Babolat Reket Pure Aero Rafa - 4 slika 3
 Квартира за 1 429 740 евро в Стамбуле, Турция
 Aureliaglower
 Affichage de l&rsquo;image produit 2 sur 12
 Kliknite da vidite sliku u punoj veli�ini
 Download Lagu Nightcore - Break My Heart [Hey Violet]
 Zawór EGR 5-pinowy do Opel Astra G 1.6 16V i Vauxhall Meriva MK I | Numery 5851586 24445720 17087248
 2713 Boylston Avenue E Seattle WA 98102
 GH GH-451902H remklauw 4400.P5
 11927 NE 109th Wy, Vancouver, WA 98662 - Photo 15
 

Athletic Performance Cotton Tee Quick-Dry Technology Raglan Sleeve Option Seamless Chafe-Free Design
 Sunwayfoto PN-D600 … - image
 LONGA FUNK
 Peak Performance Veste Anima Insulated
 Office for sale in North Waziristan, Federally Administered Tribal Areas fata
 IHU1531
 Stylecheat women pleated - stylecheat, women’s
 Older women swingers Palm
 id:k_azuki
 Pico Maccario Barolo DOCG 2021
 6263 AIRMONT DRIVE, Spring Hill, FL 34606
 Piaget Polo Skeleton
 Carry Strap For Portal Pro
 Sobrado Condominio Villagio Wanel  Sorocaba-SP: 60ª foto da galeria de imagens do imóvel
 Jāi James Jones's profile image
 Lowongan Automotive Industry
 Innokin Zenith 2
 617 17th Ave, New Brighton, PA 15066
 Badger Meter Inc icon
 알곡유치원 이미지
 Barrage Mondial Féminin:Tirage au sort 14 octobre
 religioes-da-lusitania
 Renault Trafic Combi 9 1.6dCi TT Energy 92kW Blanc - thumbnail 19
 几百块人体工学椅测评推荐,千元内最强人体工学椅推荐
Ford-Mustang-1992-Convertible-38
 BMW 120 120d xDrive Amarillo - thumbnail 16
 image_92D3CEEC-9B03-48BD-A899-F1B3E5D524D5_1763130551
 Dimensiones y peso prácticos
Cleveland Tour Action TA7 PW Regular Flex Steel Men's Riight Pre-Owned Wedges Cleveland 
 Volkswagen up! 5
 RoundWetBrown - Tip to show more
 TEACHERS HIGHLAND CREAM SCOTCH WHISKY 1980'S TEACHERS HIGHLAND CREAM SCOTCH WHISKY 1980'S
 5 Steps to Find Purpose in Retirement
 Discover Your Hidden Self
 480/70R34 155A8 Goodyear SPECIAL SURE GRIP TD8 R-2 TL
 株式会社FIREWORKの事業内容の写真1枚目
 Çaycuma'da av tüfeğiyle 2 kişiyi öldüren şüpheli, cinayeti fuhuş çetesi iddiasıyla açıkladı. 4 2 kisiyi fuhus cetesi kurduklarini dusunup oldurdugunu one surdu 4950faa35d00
+ + +
ACTION ITEM: Take the entries above and return only the lines from the one with "Download Lagu Nightcore" to the one with "11927 NE 109th", both included, unchanged.

RESPONSE:
 Download Lagu Nightcore - Break My Heart [Hey Violet]
 Zawór EGR 5-pinowy do Opel Astra G 1.6 16V i Vauxhall Meriva MK I | Numery 5851586 24445720 17087248
 2713 Boylston Avenue E Seattle WA 98102
 GH GH-451902H remklauw 4400.P5
 11927 NE 109th Wy, Vancouver, WA 98662 - Photo 15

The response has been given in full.